From: Byron Roe <byronroe@umich.edu>
Date: Wed Aug 11 2004 - 18:08:11 CDT

The following is a 0th (or -1st) draft of an outreach section for the
Braidwood proposal.
It was prepared before our Aug. 11 meeting. At the meeting it was
suggested that the
following items be added:
a. Produce a 1-2 page brochure on the experiment concerning physics,
technology and
local aspects of the experiment.
b. Establish a visitors' area for the experiment with exhibits and
possibly online
event and background display... (or stored events).

Please send comments. What should be added OR subtracted?

B. Roe--Aug. 5, 2004.

What outreach possibilities are there for the reactor experiment?

Three subject groups for outreach are considered. The first are
people in the local area, the second are students, and the third is
the population at large.

A. Local area

A list of talk topics and speakers would be distributed to local
organizations (Kiwanis,...) and schools. Some sample topics might
              What are the big physics questions today?
              Do we still need basic research?
          Reactor monitoring and safety.
          What are we trying to measure and why?

We can indicate the excitement of new discoveries. Show that the
present day discoveries are unifying the understanding of the very
large (the universe) and the very small (sub-atomic forces and
particles). We can indicate what we understand, such as quarks, the
basic strong and electroweak forces. We can indicate what we don't
understand, dark matter and energy. Black holes, wormholes, extra
dimensions and other wild, yet possible aspects of the real world
can be discussed.

Many of the discoveries which changed the world and established the
economic leadership of the USA during the twentieth century came
from basic research. Nuclear power, lasers, superconductors,
transistors, all came from basic research. The world-wide web came as
a spinoff of particle physics basic research. Most of these
discoveries were unanticipated in advance, even by the experts in the
field. Targeted research would not have found them.

Can we help defuse public antipathy to reactors? Reactor power will
certainly have to be maintained and almost certainly expanded in the
near future.

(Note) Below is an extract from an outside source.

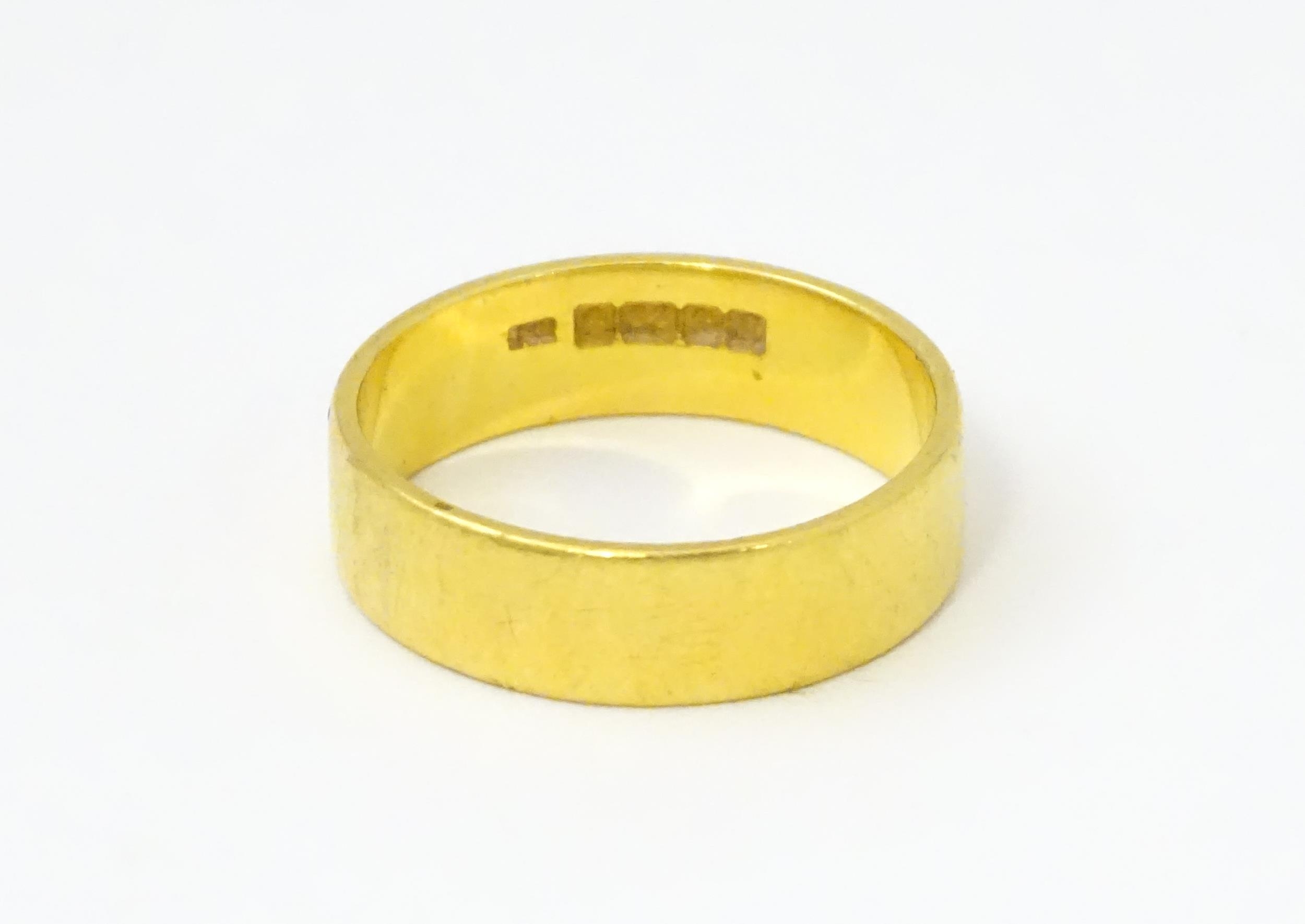 A 22ct gold ring / wedding band. Ring size approx. M 1/2 Please Note - we do not make reference to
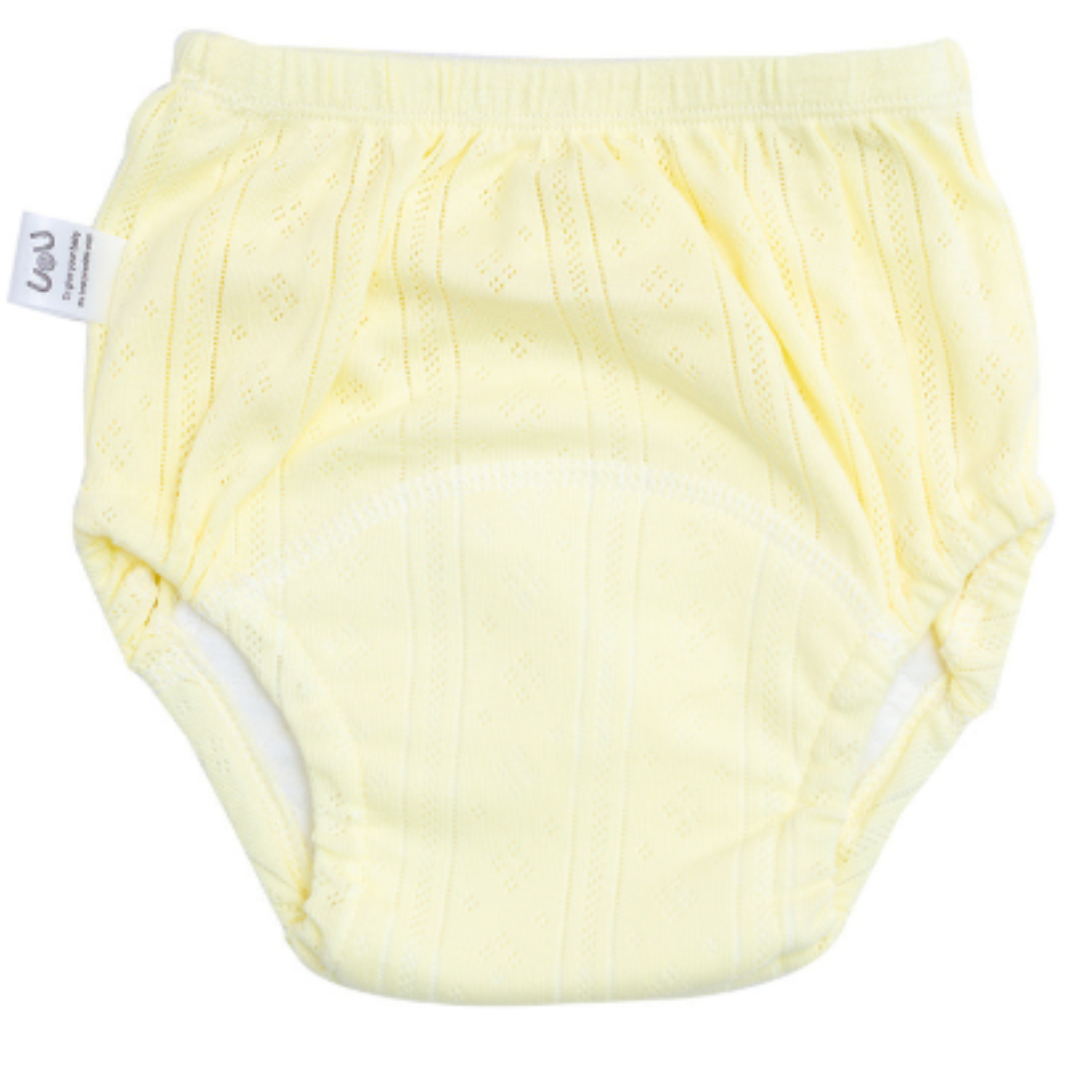 Pale yellow cotton training pants with elastic waist and leg openings.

Although some public concerns are justified, there is a
fear factor for many people that is considerably worse than justified
by the facts. Some discussion of the safety record of existing
reactors (except in Russia) would be made. The role of this
experiment in providing an independent monitor of the reactor flux and
an independent signal if there was a power spike would be described.

The fascinating phenomenon of neutrino oscillations can be discussed
as well as the violation of fundamental symmetries. The role of the
measurement of theta13 for the future of this line of research
described and some of the projected future experiments with
superbeams and neutrino factories, utilizing detectors hundreds or
thousands of miles away from the accelerators.

Publicity releases would be sent to local papers, TV and radio
stations describing the project and its progress. When justified,
the releases would go to national media. Researchers would be
made available for interviews. Local people would be utilized for
construction where possible, and this, also, would be publicized.

B. Students. We would have a Summer jobs program for college and
possibly high school students. They would help with construction and
testing of prototypes and the detector, with PMT testing, and with
electronics construction and testing.

C. Population at large. We would produce a web site which would
contain the information described above for talks.